After spending some time on this, I finally noticed that the time on that device was not correct. Since DNSSEC was enabled, the invalid time broke the DNSSEC validation. Because the NTP used domains instead of IP addresses, it couldn’t resolve the domain to fix the time—it became a bad cycle. It took me a few seconds to SSH into the device and manually fix the time. Then I added an IP address to the NTP server as well so that this doesn’t happen again.
Sequel
Now, I had spent some time working on other stuff and the internet was working fine. I went upstairs, and suddenly the internet was not working anymore. This confused me since the connection was just working fine. I restarted the RT-AX52, but it didn’t fix it. So I turned off the RT-AX52 for a while and used the worse downstairs Wi-Fi signal. Once I got free, I decided to debug that.

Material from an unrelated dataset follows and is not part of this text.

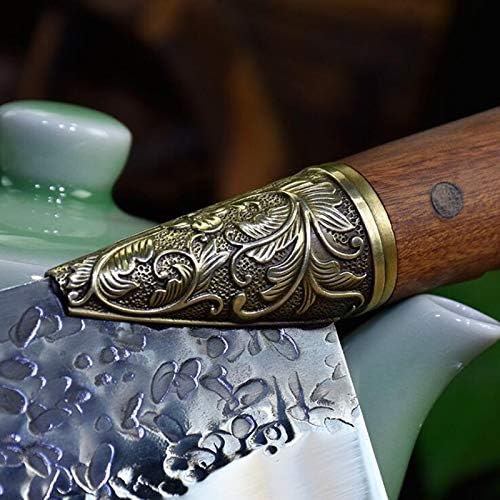 Meat Cleaver,Cleaver Knife, 7.5inch Kitchen Chef Knife Forged Chinese Meat Cleaver with Dragon Sculpture Rosewood Handle Handmade Cooking Cuisine Tools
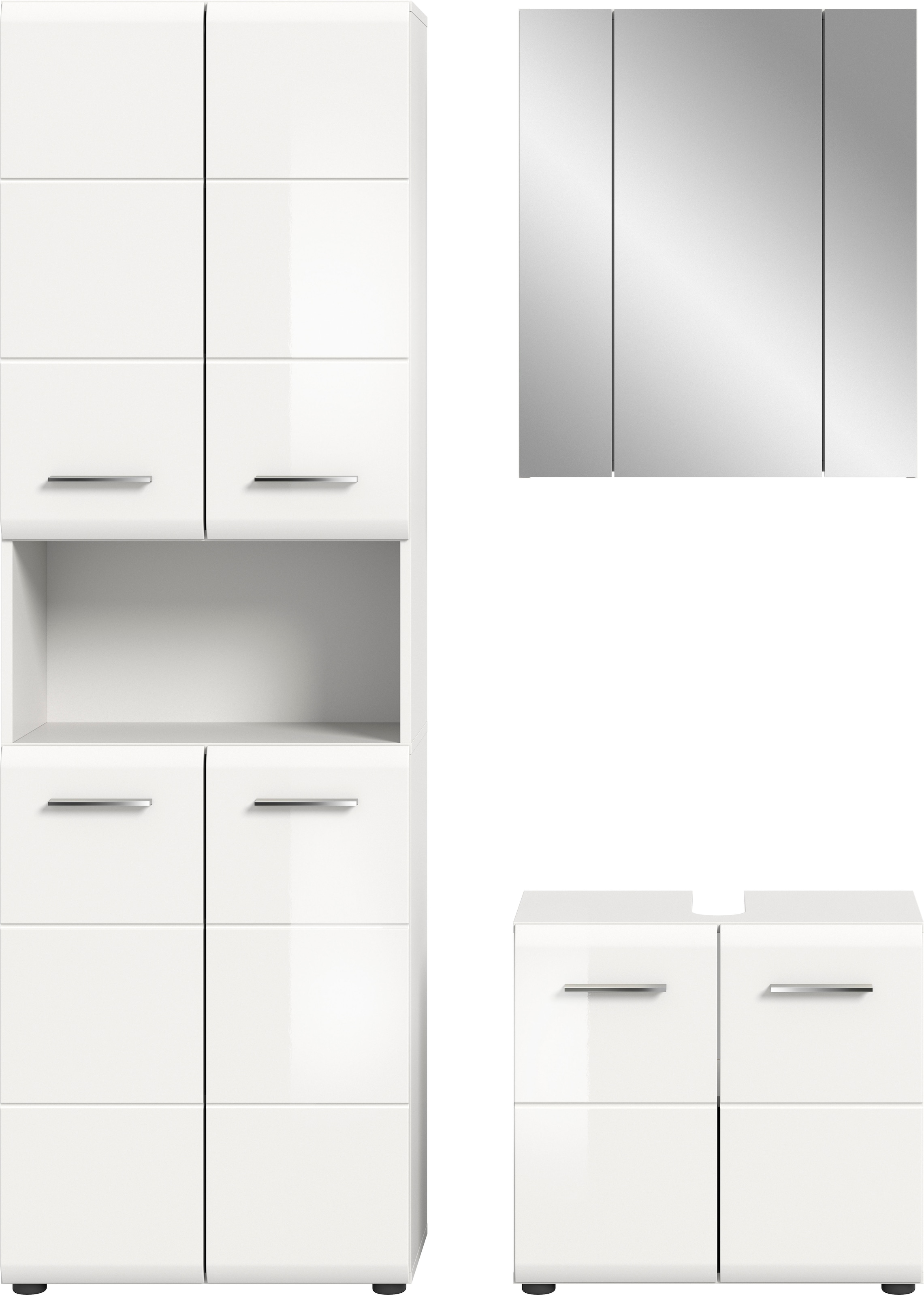 INOSIGN Badmöbel-Set »FLORENZ, TOPSELLER!, 3-teilige Badkombination, hochwertige MDF-Front«, (best. aus: 1 Hochschrank, 1Waschbeckenunterschrank, 1 Spiegelschrank), Bad-Kombination, Bad-Möbel, Badezimmer, Kombination, Kombi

Since I was not getting any IP, I manually set an IP in the network and then opened the router settings. I tried the password, and it kept giving me an error saying it was wrong. Was my password wrong? I was using the one saved in my password manager. But who knows what happened—I couldn’t remember if I had changed it recently or if the router just glitched.
I had to put the router in Failsafe mode of OpenWrt, SSH into the machine, mount the partition, update the password, and reboot. Finally, I could access the router settings, and opening them showed that everything was working fine. I assumed that this had the same issue as the NUC (i.e., having a bad date), but nope, everything was working fine. Then I started debugging the interfaces and slapped my head: I forgot I had switched the port on the switch. The RT-AX52 was expecting VLAN tagged packets while the switch was sending untagged traffic. I just switched the port back, and everything started working fine.
Conclusion
Networking is hard. The amount of time spent on this shows me how simple it is to simply set up a mesh network and forget about it. Still, it was a valuable experience and gave me a newfound respect for network engineers. This did make me recognize how important metrics and telemetry are, and I need to set that up. Still, that is a task for a different day, and the internet is working again.